What can you tell me about your new recording projects?
I'm busy making a Stick based solo album right now - for public
release that is. The concept is to combine three aspects: inspired
first-takes on the Stick SG-12, my recent experiences from producing
three albums of media music and my two decades of playing "meta
instruments" that includes interactive electronics. The music will be
easy to follow and yet inviting for a deeper emotional experience.
A few months ago I released a Stick CD based on the natural Stick
sound, as the instrument sounds when you just play it through an amp.
I made that - Stick Street
- album to meet the demand for a CD that I
was confronted with as a Stick busker here in Stockholm. In fact, I
had to spend some studio time in research of how to replicate the
busking sound of the SG-12 going out through a Roland Cube Street
battery amp! On this modest amp I had found ONE setting that sounds
excellent and this was the "street sound" I tried to reproduce in a
With the new upcoming album I want to offer a more varied listening
experience. Not just the sound of "a person playing a piece of music
on a Stick" but an experience bordering to watching a movie, reading a
book or having a dream. You could say the recipe is to have the Stick
Guitar as the lead instrument and let it interact with what you might
hear in film music while the general sound design of the recording
helps to communicate the music. Cinematic Stick electronica, kind of.
Finally there is the live electronics, the third element. I don't see
this as an "add-on" or "extension of the instrument" but more as part
of my special self designed meta instrument, just like the Stick is
also part of that. Signal routing for immediate simultaneous audio
processing has been my greatest interest since the early eighties,
when the first digital delays and harmonisers appeared on the consumer
market. Today I use the fine amplifier Fractal Audio AxeFx II for my
both Stick outputs and in this box I'm able to virtually cable up most
of my favorit processes and play them in real-time by foot pedals as I
play the Stick with my hands. With this magic meta instrument I like
to record one stereo take and if the performance is good there isn't
much more needed in the mixing or mastering department. So it is a
totally here-and-now based recording production method.

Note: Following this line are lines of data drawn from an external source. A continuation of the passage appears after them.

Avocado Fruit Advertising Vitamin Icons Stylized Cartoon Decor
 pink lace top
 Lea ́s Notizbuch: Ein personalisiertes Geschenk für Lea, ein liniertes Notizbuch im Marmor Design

I don't know about more "new recording projects"... when this album is
finished I don't think I need to record more. I'm basically more
interested in performing live and hear other artists play live. Few
people buy CDs in these days and you only need to make them as a kind
of "super expensive business card". I will of course continue to
record media music, but that won't go out to the public market, only
into the music recourses archives for TV, film and game producers.
Oh, I almost forgot; there might slip in some vocals into these
recordings. I used to play a lot of alto flute and love that sound for
my live electronics. But when I picked up the Stick four years ago it
just took over and now I want to play Stick more than any other
instrument. On the Stick it is hard to get those "fluffy cloud pad"
sounds that a flute can produce, so I thought I'd try to use my voice
instead, since both hands now are tied to the fretboards. I bought a
TC Helicon Voicelive2 effect box for my vocal mic and this too goes
through the Fractal Audio box with the expression pedals etc. Not sure
about how much this singing will take off but it's fun to expand a bit
into a new field for starters. I often find lyrics rather stupid -
since music already communicates - but if you invent fake languages or
sing with no words I guess it can work as music.